Repeat the listing exactly. The images do not belong in the copy.

● **COLLECTED MATERIAL**:

------

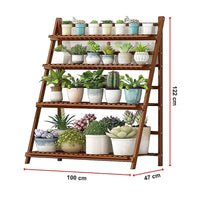 Plant Stand Outdoor Indoor Garden Wood Bamboo Shelf Folding 100CM Length Furniture Kings Warehouse 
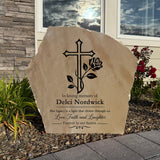 Cross Memorial Stone – Engraved Memorial Garden Stone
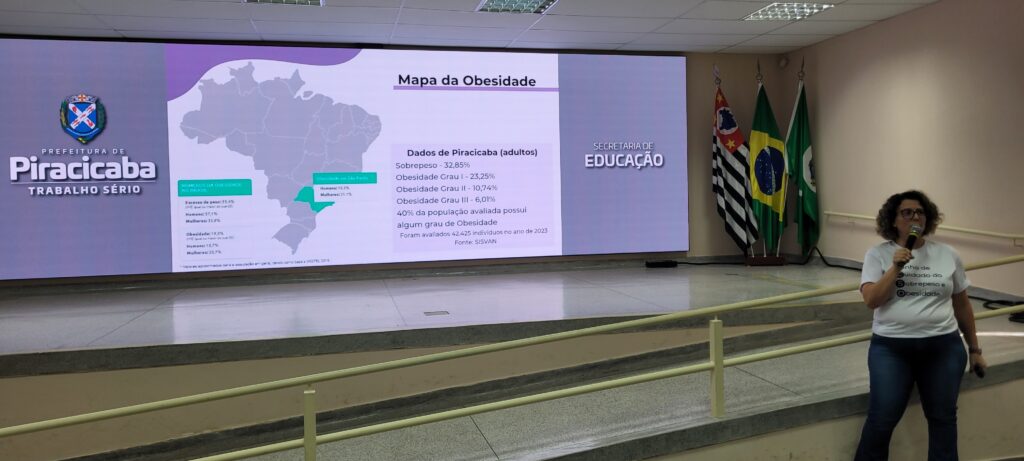 Márcia Cardoso, coordenadora do CPAN, mostrou dados sobre a obesidade em Piracicaba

------

● **WRITTEN REPLY**:
 Plant Stand Outdoor Indoor Garden Wood Bamboo Shelf Folding 100CM Length Furniture Kings Warehouse 
 Cross Memorial Stone – Engraved Memorial Garden Stone
 Márcia Cardoso, coordenadora do CPAN, mostrou dados sobre a obesidade em Piracicaba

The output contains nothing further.